#### [Supplied entries]
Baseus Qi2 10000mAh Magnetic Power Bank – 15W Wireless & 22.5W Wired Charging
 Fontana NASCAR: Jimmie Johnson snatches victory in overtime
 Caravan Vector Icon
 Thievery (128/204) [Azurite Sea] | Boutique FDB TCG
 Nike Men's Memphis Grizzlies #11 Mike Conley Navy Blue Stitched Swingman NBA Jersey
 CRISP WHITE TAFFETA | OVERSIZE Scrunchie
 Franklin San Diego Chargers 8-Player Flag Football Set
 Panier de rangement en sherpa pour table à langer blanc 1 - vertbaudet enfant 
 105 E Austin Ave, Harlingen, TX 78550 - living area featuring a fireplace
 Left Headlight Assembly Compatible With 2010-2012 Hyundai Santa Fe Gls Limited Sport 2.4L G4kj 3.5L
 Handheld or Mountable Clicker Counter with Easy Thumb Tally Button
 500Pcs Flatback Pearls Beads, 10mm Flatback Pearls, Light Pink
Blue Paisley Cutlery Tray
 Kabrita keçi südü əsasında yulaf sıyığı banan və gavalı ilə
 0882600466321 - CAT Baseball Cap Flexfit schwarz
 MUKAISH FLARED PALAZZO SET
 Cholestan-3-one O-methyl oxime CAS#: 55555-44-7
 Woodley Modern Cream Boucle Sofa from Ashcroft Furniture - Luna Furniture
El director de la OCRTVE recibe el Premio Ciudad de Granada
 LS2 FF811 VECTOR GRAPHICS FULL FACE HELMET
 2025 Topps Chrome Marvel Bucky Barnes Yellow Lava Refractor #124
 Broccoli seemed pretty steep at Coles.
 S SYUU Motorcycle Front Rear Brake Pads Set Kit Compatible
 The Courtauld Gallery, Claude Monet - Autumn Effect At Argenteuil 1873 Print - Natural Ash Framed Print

#### [Activity]
Set down verbatim only the lines between the start of the data above and the line with "Broccoli seemed pretty steep at Coles.", both boundaries included.

#### [Solved exercise]
Baseus Qi2 10000mAh Magnetic Power Bank – 15W Wireless & 22.5W Wired Charging
 Fontana NASCAR: Jimmie Johnson snatches victory in overtime
 Caravan Vector Icon
 Thievery (128/204) [Azurite Sea] | Boutique FDB TCG
 Nike Men's Memphis Grizzlies #11 Mike Conley Navy Blue Stitched Swingman NBA Jersey
 CRISP WHITE TAFFETA | OVERSIZE Scrunchie
 Franklin San Diego Chargers 8-Player Flag Football Set
 Panier de rangement en sherpa pour table à langer blanc 1 - vertbaudet enfant 
 105 E Austin Ave, Harlingen, TX 78550 - living area featuring a fireplace
 Left Headlight Assembly Compatible With 2010-2012 Hyundai Santa Fe Gls Limited Sport 2.4L G4kj 3.5L
 Handheld or Mountable Clicker Counter with Easy Thumb Tally Button
 500Pcs Flatback Pearls Beads, 10mm Flatback Pearls, Light Pink
Blue Paisley Cutlery Tray
 Kabrita keçi südü əsasında yulaf sıyığı banan və gavalı ilə
 0882600466321 - CAT Baseball Cap Flexfit schwarz
 MUKAISH FLARED PALAZZO SET
 Cholestan-3-one O-methyl oxime CAS#: 55555-44-7
 Woodley Modern Cream Boucle Sofa from Ashcroft Furniture - Luna Furniture
El director de la OCRTVE recibe el Premio Ciudad de Granada
 LS2 FF811 VECTOR GRAPHICS FULL FACE HELMET
 2025 Topps Chrome Marvel Bucky Barnes Yellow Lava Refractor #124
 Broccoli seemed pretty steep at Coles.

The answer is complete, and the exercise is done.